Reputation: 5524
I have an OpenGL program that will be do a fairly good amount of matrix multiplies per second. These will be 4x4 matrices and 128 bytes each. Both my CPU and GPU are pretty up to date (I have a MacBook Pro (Retina, 13-inch, Mid 2014)). I know that GPUs are typically more parallel oriented and might be optimized for this kind of stuff. Would it be faster to have the CPU do the multiplies or my GPU?
Upvotes: 3
Views: 532
Reputation: 162317
I have an OpenGL program that will be do a fairly good amount of matrix multiplies per second.

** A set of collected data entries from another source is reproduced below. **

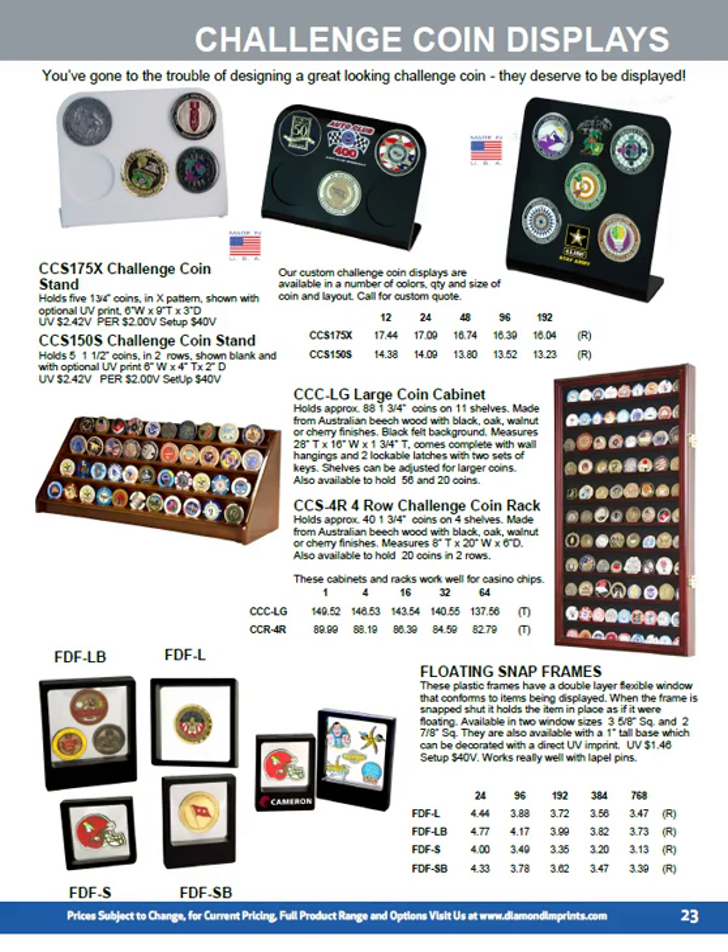An alternative way of displaying challenge coins if you've got a larger set is our coin cabinets and racks. Cabinets are available in three sizes and four finishes, and the coin racks in two sizes and two finishes. A unique way of presenting challenge coins, lapel pins, or other small items is a floating snap frame — two halves with a clear silicon membrane between them. You put the item in between, snap the frame together, and the item appears to float in the middle. We've got areas on two of those where we can do a full color imprint.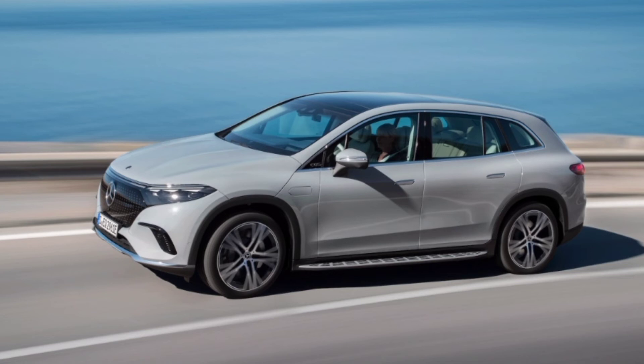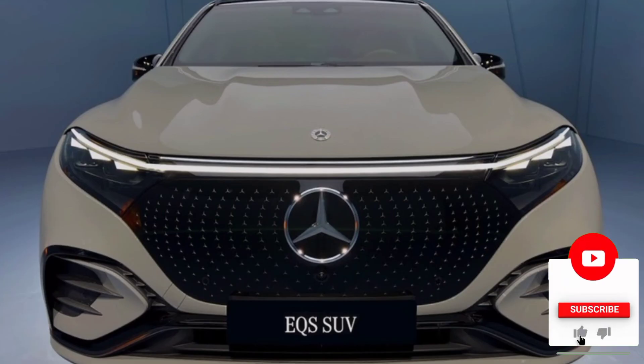When it's time to recharge, the X is capable of 200-kilowatt charging speeds at a DC fast charger. With an average output of 110 kilowatts, the battery can go from 10 to 80% in 31 minutes. Using a 240-volt wall box, the 10 to 100% charge takes 11 hours and 15 minutes.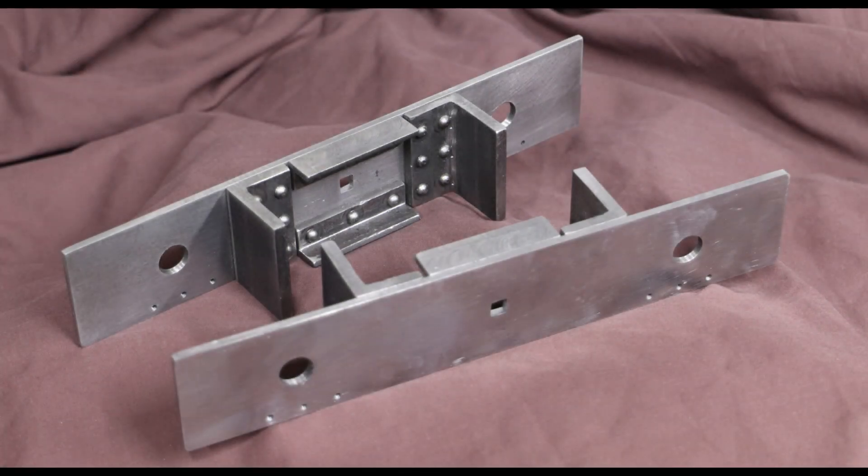This brings us to the end of the first of what will be a long-term series of videos covering the build of this loco. The next logical part to approach will be the frames, but the work involved is very much a repeat of what I've already done here on these buffer beams, albeit on a much larger scale. So I won't cover that off in a specific video — we'll come back to those once I've completed them. If you like this and want to see more then do give me a thumbs up and also hit the subscribe button. Thank you for watching.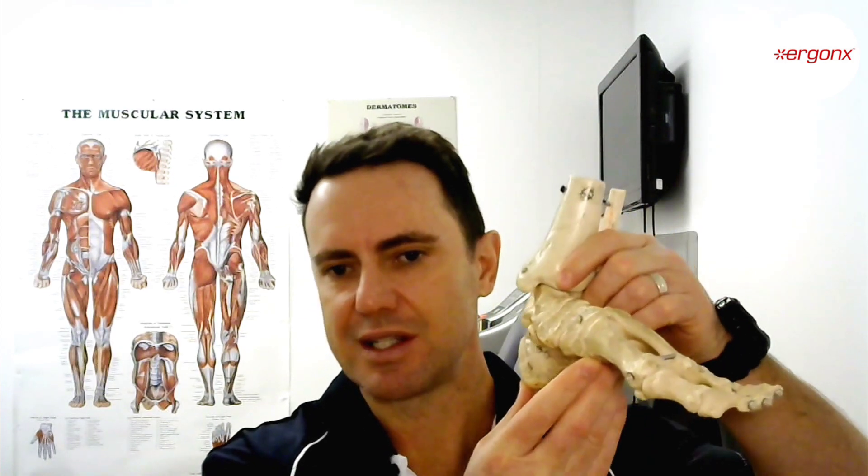We'll use overpronation as an example. This is a left foot here. Basically what happens in overpronation is the foot rolls towards the inside and the arch flattens out.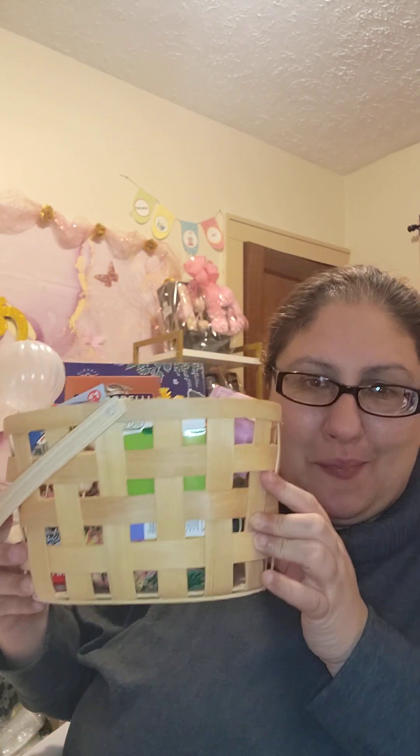Hello everyone, how are you today? This is Marielle Alvarez and today we are going to put together a gardening relaxation gift basket.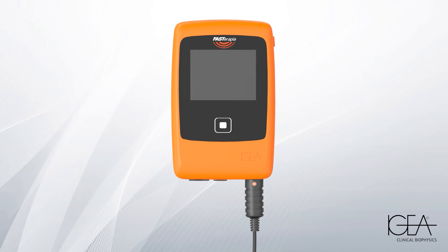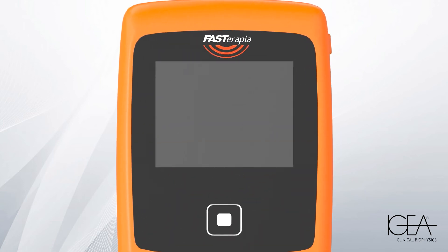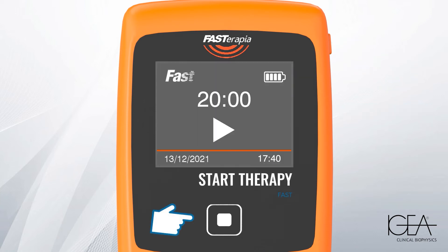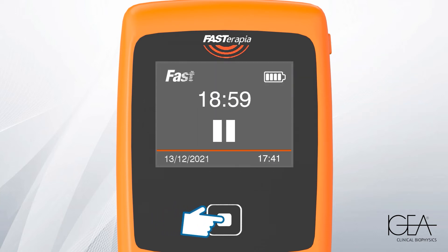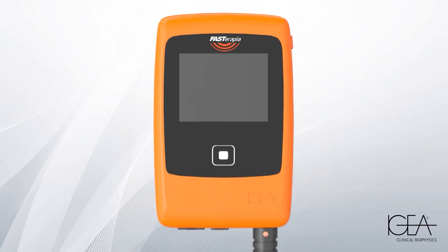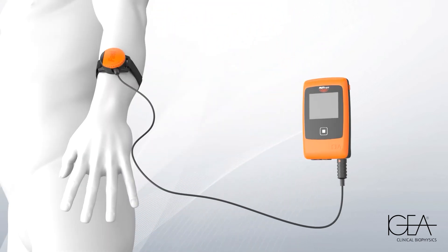Turn on the device by pressing and holding the side button. Press the central button to start a therapy. The treatment parameters are preset according to your condition. The device uses undetectable frequencies, so don't worry if you don't feel any sensation. The treatment stops on its own after 20 minutes. It can be repeated a maximum of twice a day.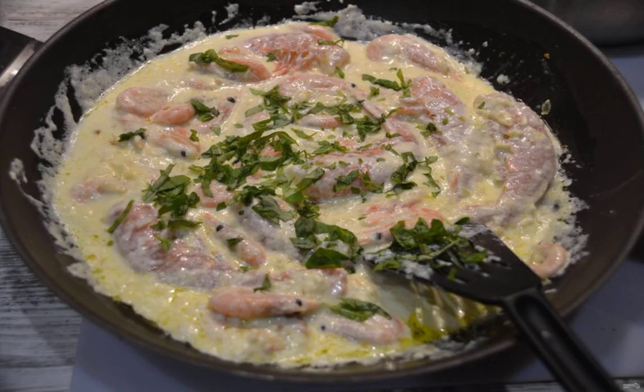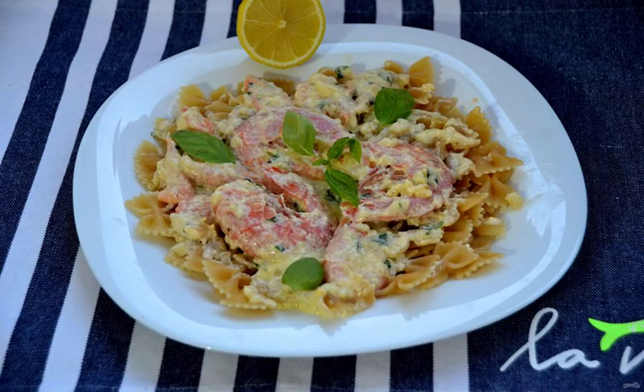Put the shrimp in the cream sauce and warm it well, add the chopped herbs. You can mix the farfalle with the sauce and shrimp in a saucepan, or you can put it on top of the farfalle, pouring the sauce on top.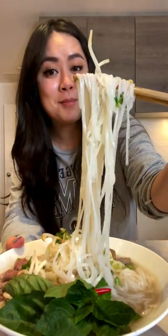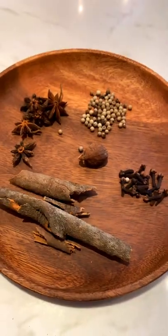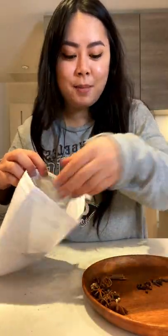Vietnamese beef noodle soup in an Instant Pot. Two and a half pounds of beef bone that I've already boiled and rinsed clean. Toasted one whole onion and five thin slices of ginger. The spices I'm using today — add all the spices in the bag. Slice ginger.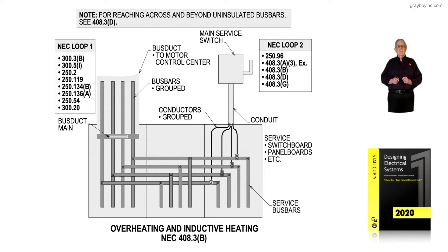Notice in NEC loop number one — to get a full grip on this requirement of overheating and inductive heating, review 300.3B, 300.5I, 250.2, 250.119, 250.134B, 250.136A, 250.54, as well as 300.20, which is a very important section. There are a lot of sections mentioned in that loop, but reviewing them will give you a thorough understanding of what this section is talking about.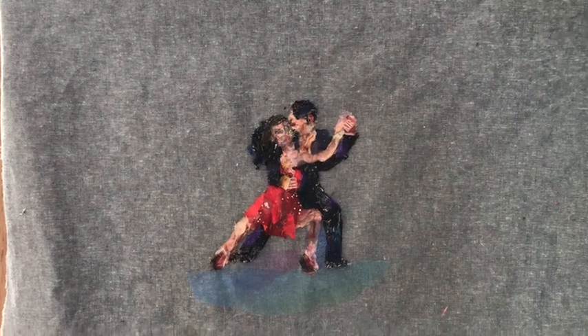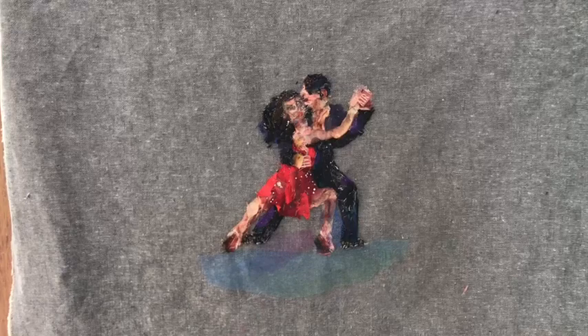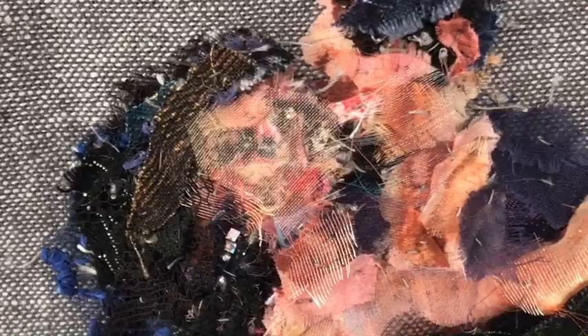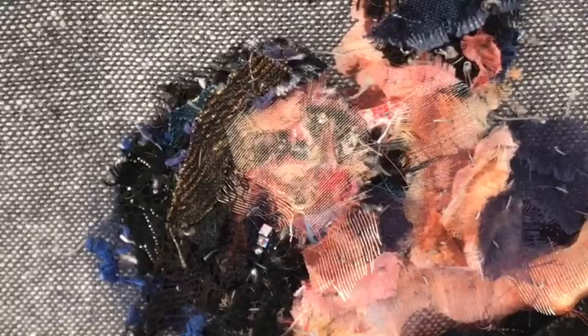Hello, I'm Barbara Shaw and this is Tango in Fabric. You can see the figures are very small and I've had to use tiny little scraps to get the impression I wanted. If we go in close-up, you can see on the faces how I've had to give the suggestion of their features just by using fabrics with lines and marks in them.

Define "fairly good amount of matrix multiplies". Keep in mind the CPUs, too are quite capable in doing this kind of computation. With vectorizing instruction set a 4×4 matrix-matrix multiplication boils down to as little as 16 FMA (fused multiply add) instructions. That's not a lot. And given that modern CPUs want to be kept busy as well and often you need the matrices for on-CPU computations as well, it makes a lot of sense to keep the matrix computations on the CPU.
Doing it on the GPU only benefits, if you can parallelize the computation of all those matrices easily. For a single 4×4 matrix-matrix multiply the overhead of loading the matrices onto the GPU and doing the housekeeping easily consumes any performance benefits.
Upvotes: 2